We give up perspective to avoid tone controls


Hi Everyone,

While most of my thread starters are meant to be fun, I realize this one is downright provocative, so I'm going to try extra hard to be civil. 

One thing that is implicit in the culture of "high end audio" is the disdain for any sort of electronic equalization. The culture disdains the use of anything other than a volume control. Instead we attempt to change everything to avoid this. Speakers, speaker cables, amplifiers, and power cords. We'll shovel tens of thousands of dollars of gear in and out of our listening room to avoid them. 

Some audiophiles even disdain any room acoustic treatments. I heard one brag, after saying he would never buy room treatments: "I will buy a house or not based on how good the living room is going to sound." 

What's weird to me, is how much equalization is done in the mastering studio, how different pro speakers may sound from what you have in your listening room, and how much EQ happens within the speakers themselves. The RIAA circuits in all phono preamps IS a complicated three state EQ, we're OK with that, but not tone controls? 

What attracts us to this mind set? Why must we hold ourselves to this kind of standard? 

Best,


E
erik_squires

Showing 1 response by whoopycat

It is possible to find an amp/speaker combo that is tonally perfect (to the owner), but it is difficult and potentially expensive.  

I have two systems, one with no controls (and I have no desire to add them), and one with tone controls (and I wouldn't want to be without them).  

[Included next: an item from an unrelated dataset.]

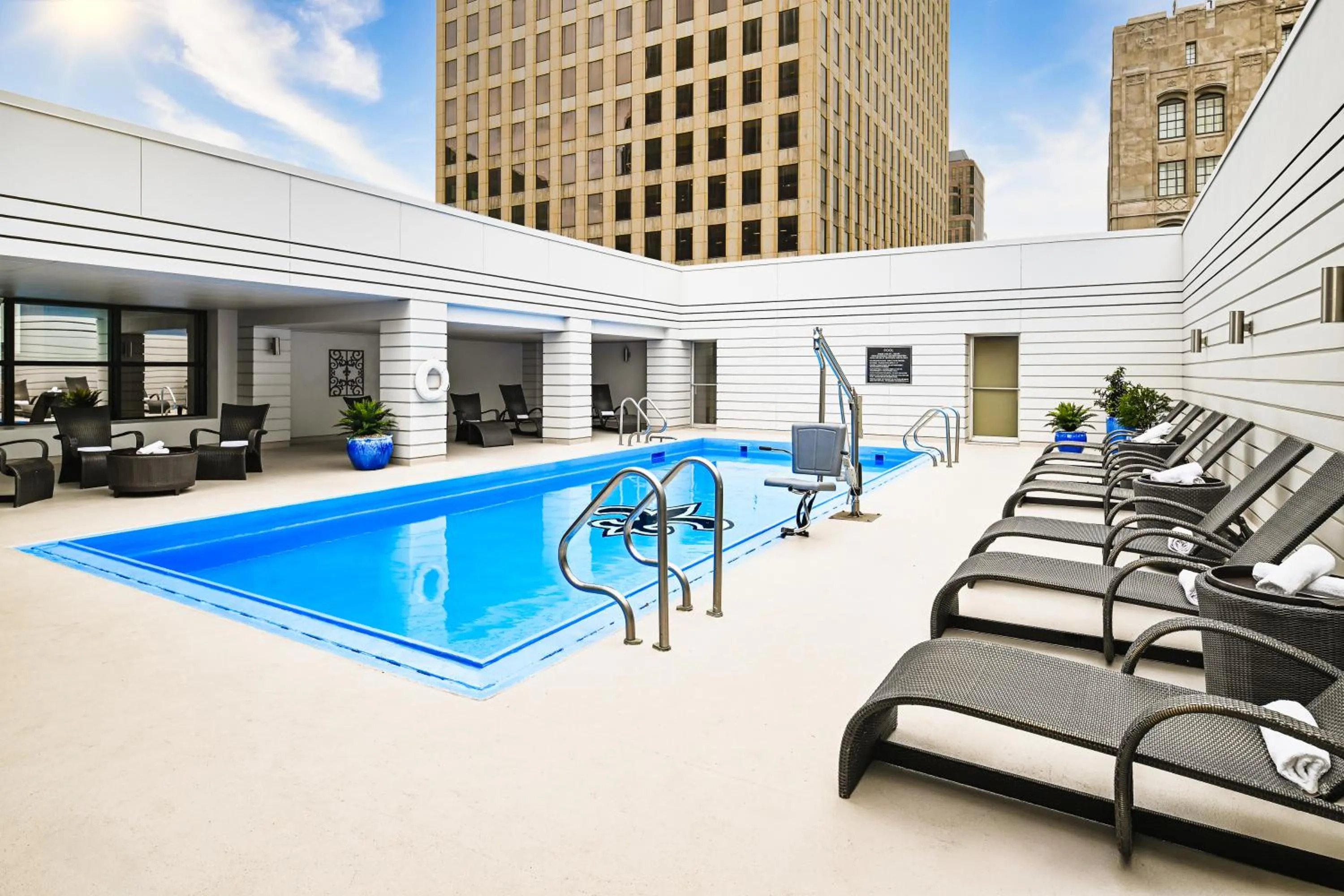 Swimming pool in InterContinental New Orleans by IHG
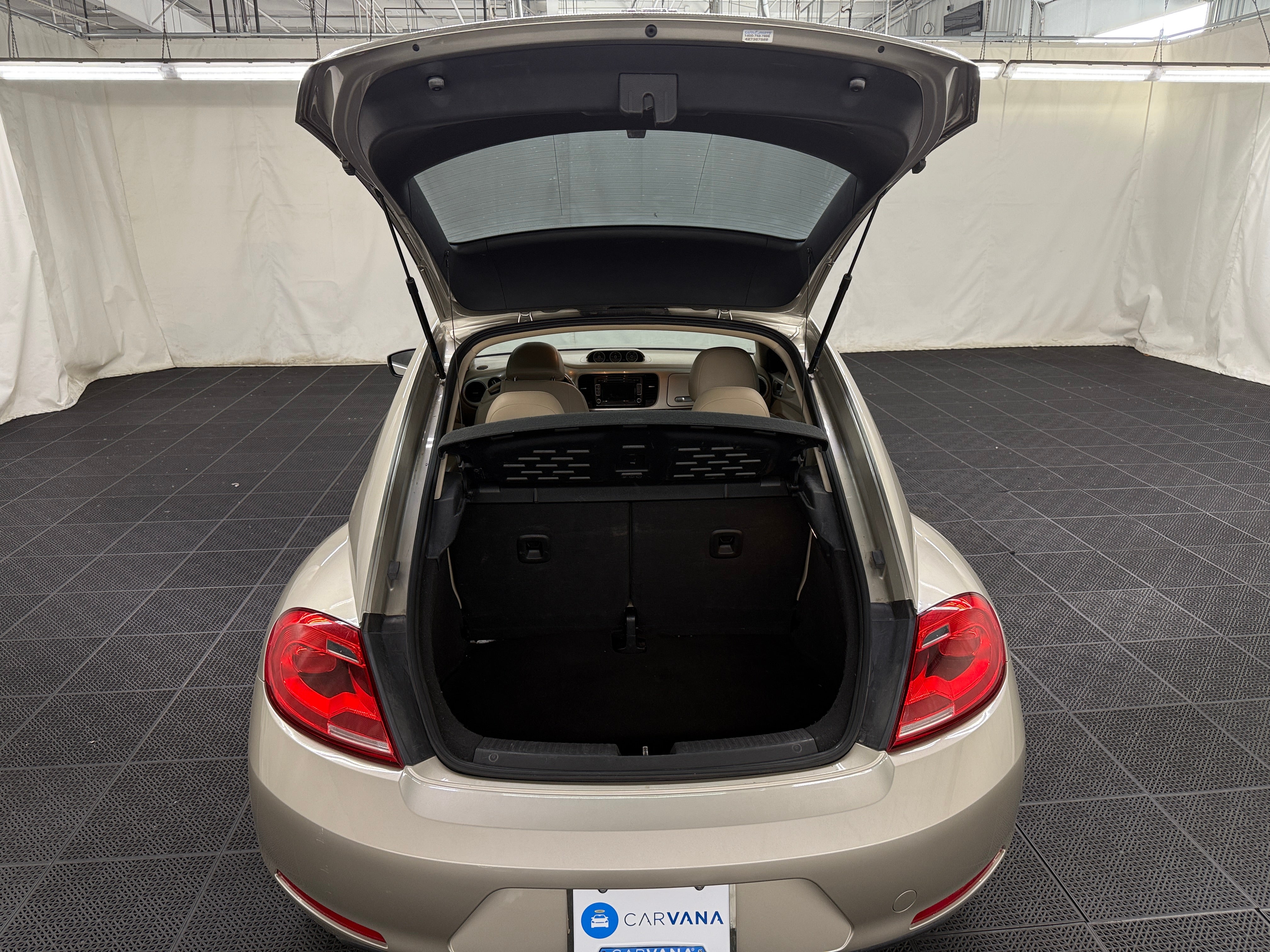 2014 Volkswagen Beetle  6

Some tone controls are well implemented and some just sound like band-aids.  My favorite tone control is a Decware ZROCK2 for bass EQ.  Fully adjustable, you can dial in as much kick down low as your speakers will give you, and IMO improves the sound across the rest of the frequency range (it does add gain).  So much easier than trying to integrate a sub, especially if you're like me and you only need bass down to 30-35hz.